The creed of the Kremlin — to get anything done, one must either pay or intimidate — has become a way of life for all Russia. Bribery is back big time. Last month, one of Britain's largest retail groups held a round of meetings with potential local suppliers in Russia. "The talks were like every other I've conducted," said the executive concerned. "Everything was above board, thrashed out in normal business fashion. Then we had some drinks to finish our discussions on a convivial note. Suddenly, the Russian I was dealing with said: 'My wife is very cold.' It seemed incongruous. Frankly, I didn't know what sort of response he was after. Then he said: 'She needs a new fur coat.' And he winked. I made my excuses and left. We never signed that particular deal."

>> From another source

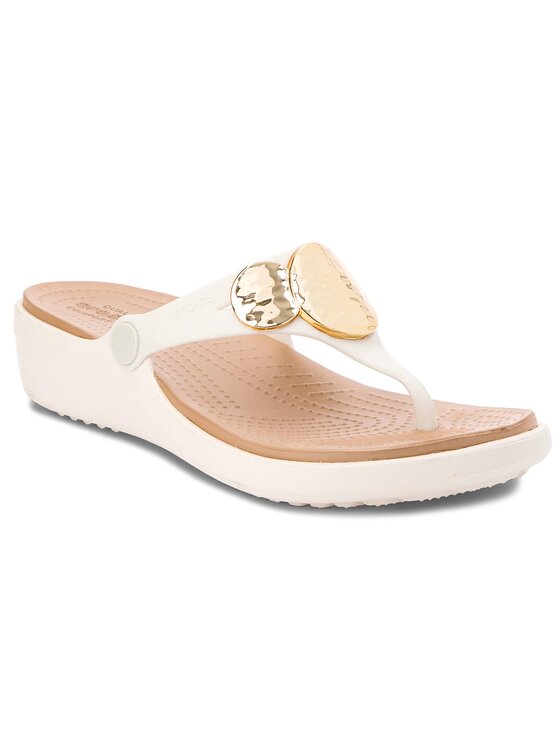 Crocs Crocs Zehentrenner Sanrah Embellished Wedge Flip 204009 Beige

For others, their experiences of business Russian style have been more unsavoury. The chief executive of one large construction company, who travelled to St Petersburg in the hope of securing permission to build a large block of luxury flats, was asked for £20,000 up-front to ''assist in ensuring the necessary licences were issued". When he took exception, he was told further meetings would be necessary and to remain in the country for a few days.

Eager to clinch his deal, he assumed that the matter would not be mentioned again. ''That night, there was a knock at my hotel room door," he says. "When I opened it, this character was standing there, dressed in black and wearing dark glasses. He pushed me into the room, grabbed me by the throat and told me to pay up or there would be no flats. Then he disappeared. I left the next day and, no, I don't intend to do business in Russia again."

The effect of such tactics has been a blow to the country's economy. Last month, the Organisation for Economic Development and Co-operation, the Paris-based think-tank, said in its economic survey of Russia that, while measuring corruption in the country may be difficult, it was clearly a major impediment to foreign investment. "There is," it said, "a widespread consensus that [corruption] has been growing in recent years." And the joint survey of the World Bank and the European Bank for Reconstruction and Development has also recorded an increase in the number of "unofficial payments" for licences and state procurement contracts. "Bribery has become a regular feature of doing business in Russia," it says.

It is also extremely dangerous. Murder, too, is a fact of Russian business life. Last month, a senior BP engineer was shot in a sauna and Zelimkhan Magomedov, the president of the National Oil Institute Fund, was gunned down in the street. Such has been the volume of contract killings among the business community that several multinationals have begun hiring security firms to protect their senior staff. General Electric, for example, recently provided its executives with 24-hour protection from MiG, a security firm whose clients include American Express, McDonald's and Ernst & Young. For £160 a month, clients are given a number to dial at any time if they are in danger. The company says it will dispatch a squad armed with 9mm pistols within one minute. In a country where the police are just as likely to be the problem rather than the solution, such firms are invaluable, clients say.

This weekend, as the British detectives pass their time in the somewhat palatial surroundings of the British Embassy, sitting upon its red, heart-shaped sofas, gazing through the windows at the Moscow River, they will doubtless be reflecting on the frustrations, trials and tribulations of investigations Russian style. They may be there some time.